Longue introduction de la 1ère journée par David Epston qui rappelle que tout ne s’est pas arrêté avec la disparition de Michael, qui n’avait nullement l’intention avec « Maps » de figer sa pratique et comptait bien tout remettre à zéro avec David dès l’été 2008.

1er atelier avec Kay Ingamells dont David supervise par email les conversations qu’elle lui retranscrit. Elle déroule une carte heuristique qu’elle a appelée : « Mapping the Magic of David Epston » (cartographier la magie de DE) et dont je ne donne ici qu’un petit aperçu. Elle dit que les histoires sont « round and deep » (tout en rondeurs et en profondeurs) et qu’il doit en être de même pour les questions : les questions « plates » font des conversations qui tournent en rond, alors que les questions « vallonnées » ouvrent de nouveaux paysages, laissent plus de liberté. Elle parle de la nécessité de ne pas se précipiter, « making haste slowly », aller vite lentement, de faire attention aux petits détails : la magie naît de la lenteur et de l’intimité, ralentir invite à la réflexion et au récit. Elle rappelle que s’excuser fait partie de notre pratique, lorsque nous allons trop vite, trop tôt, que nos questions sont trop compliquées, etc. Elle invite au respect et à la courtoisie vis à vis des personnes (mais pas des problèmes !) et incite à poser des questions poétiques, par exemple à Elena, 14 ans, qui veut être astrophysicienne plus tard : « Qu’est-ce qui fait, Elena, que tu regardes le ciel alors que tant de jeunes filles de ton âge préfèrent se regarder dans la glace ? ». Elle propose, après la question qui permet d’ouvrir le casting de la contre histoire, de tricoter les questions suivantes point par point, pour lui donner du corps : il faut la tenir, la suivre. Elle utilise l’expression « leg up enquiries » (questionnement courte-échelle) pour décrire comment enjamber le problème, comment racheter au problème les réputations des gens. Elle suggère de droguer le problème plutôt que de chercher à lui trouver une solution, de le déloger en l’enfumant (« smoke out »), de trouver des façons d’agir innovantes face à lui.
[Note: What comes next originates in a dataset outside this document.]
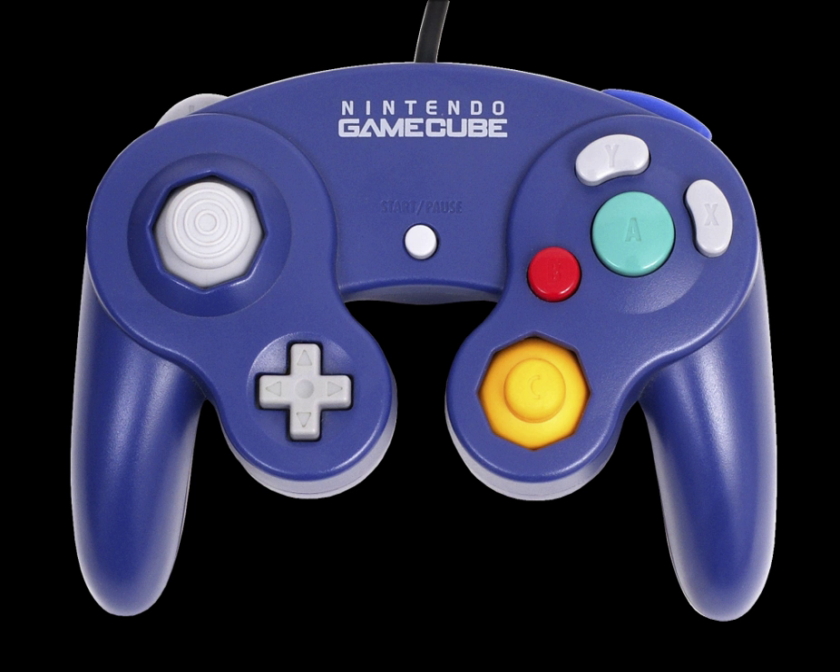On the shoulders of the controller there are two analog triggers marked 'L' and 'R', as well as one digital button marked 'Z' which sits above the 'R' trigger. The 'L' and 'R' triggers feature both analog and digital capabilities. Each behaves as a typical analog trigger until fully depressed, at which point the button 'clicks' to register an additional digital signal. This effectively provides two functions per button without adding two separate physical buttons.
2ème atelier : étude universitaire réalisée sur un groupe d’étudiants affectés par un suicide dans leur entourage et accompagnés de façon narrative pour sortir du silence, du tabou et de l’isolement, et pour se souvenir des moments de vie plutôt que du moment de la mort. Le projet est supervisé par Lorraine Hedkte et John Winslade, dont l’approche narrative du deuil a été présentée lors d’une masterclasse à Bordeaux en 2012. Voir aussi l’article renversant de Michael White : « Say Hullo Again » (Dire bonjour à nouveau), qui a bouleversé le regard sur le deuil « pathologique ». Un des reproches faits à la Thérapie Narrative, c’est de ne pas documenter ses résultats, de ne pas apporter la preuve du bien-fondé de l’approche. La documentation complète de l’étude sera donc accessible ; contactez directement les responsables du projet : Krystal Howard, kjballew@yahoo.com, et Caryn Kruse, clkruse7@gmail.com.
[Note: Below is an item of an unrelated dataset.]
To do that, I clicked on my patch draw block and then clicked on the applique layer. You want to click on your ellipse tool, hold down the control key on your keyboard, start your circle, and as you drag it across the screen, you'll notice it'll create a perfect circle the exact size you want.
Marcela Polanco ouvre la 2ème journée par un long discours très politique et extrêmement émouvant sur la géopolitique du savoir. Marcela est colombienne et travaille comme thérapeute et enseignante aux États-Unis. Elle évoque avec les larmes aux yeux le discours d’investiture de Harry Truman du 20 janvier 1949, où il invente la notion de sous-développement et se montre insultant vis à vis des peuples comme le sien, les qualifiant d’ignorants, de pauvres, de fragiles, de stagnants… Elle dit : « nous sommes beaucoup plus que ce que l’on dit de nous ». D’après elle, traduire n’est pas le sujet ; traduire les idées narratives revient à participer à la colonisation des pauvres par les riches. Elle préfère rendre hommage au « réalisme magique » de la littérature latino-américaine du XXe siècle (Gabriel Garcia Marquez), comme un savoir et une façon d’être et de vivre spécifiques à son peuple.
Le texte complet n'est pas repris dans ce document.